-- Opening Marker --
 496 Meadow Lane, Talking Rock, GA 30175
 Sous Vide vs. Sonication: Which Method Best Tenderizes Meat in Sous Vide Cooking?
-- Closing Marker --
-- Opening Marker --
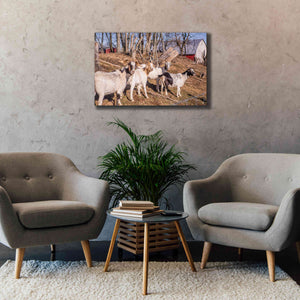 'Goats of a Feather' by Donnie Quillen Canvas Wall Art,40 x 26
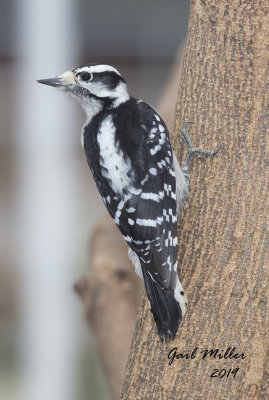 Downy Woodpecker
-- Closing Marker --
-- Opening Marker --
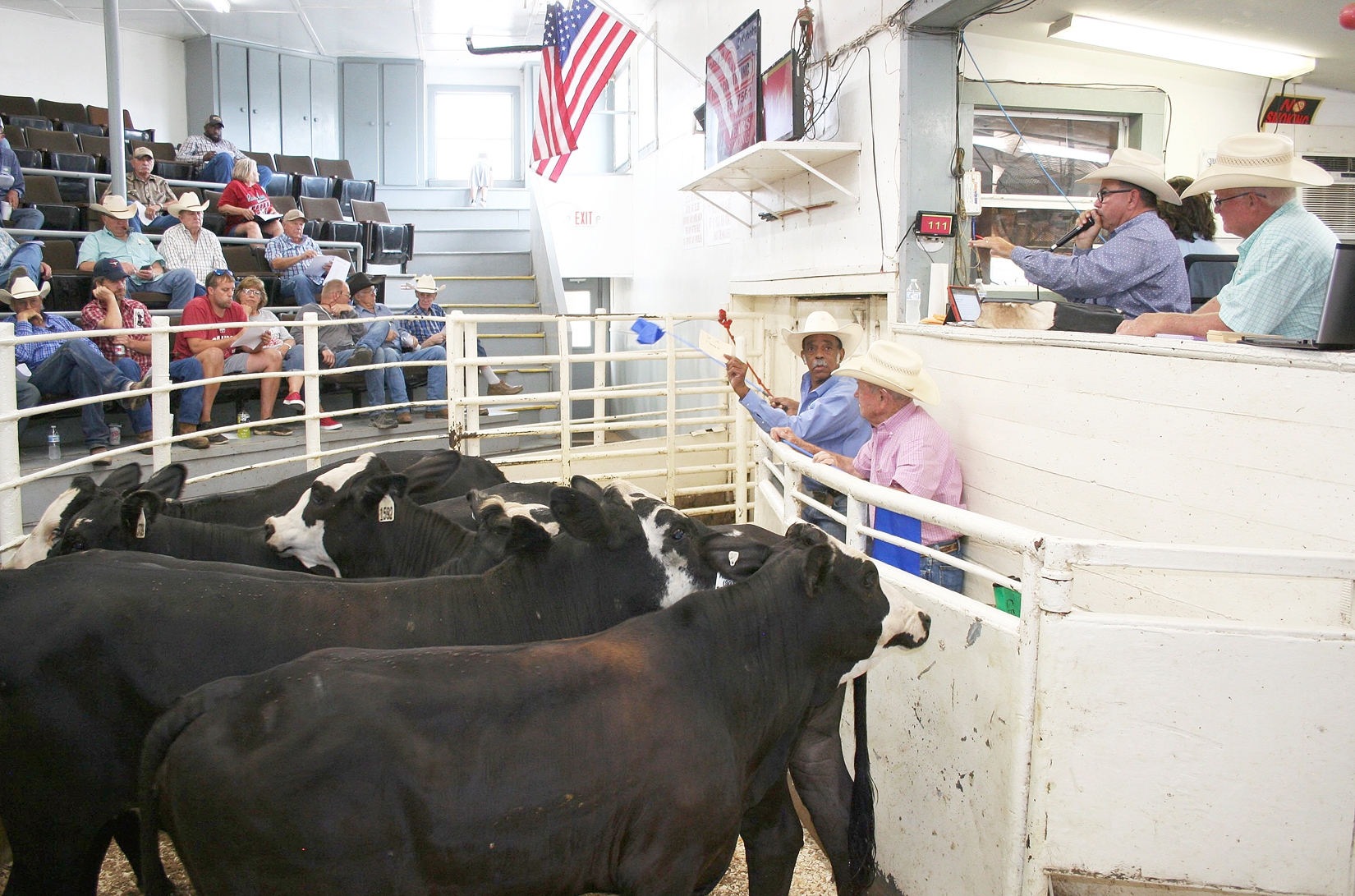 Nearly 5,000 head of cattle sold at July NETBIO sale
-- Closing Marker --
Action item:
Of the entries above, repeat exactly the lines from the line with "496 Meadow Lane, Talking Rock, GA 30175" through the line with "Sous Vide vs.", both of them included.

Answer for the task:
 496 Meadow Lane, Talking Rock, GA 30175
 Sous Vide vs. Sonication: Which Method Best Tenderizes Meat in Sous Vide Cooking?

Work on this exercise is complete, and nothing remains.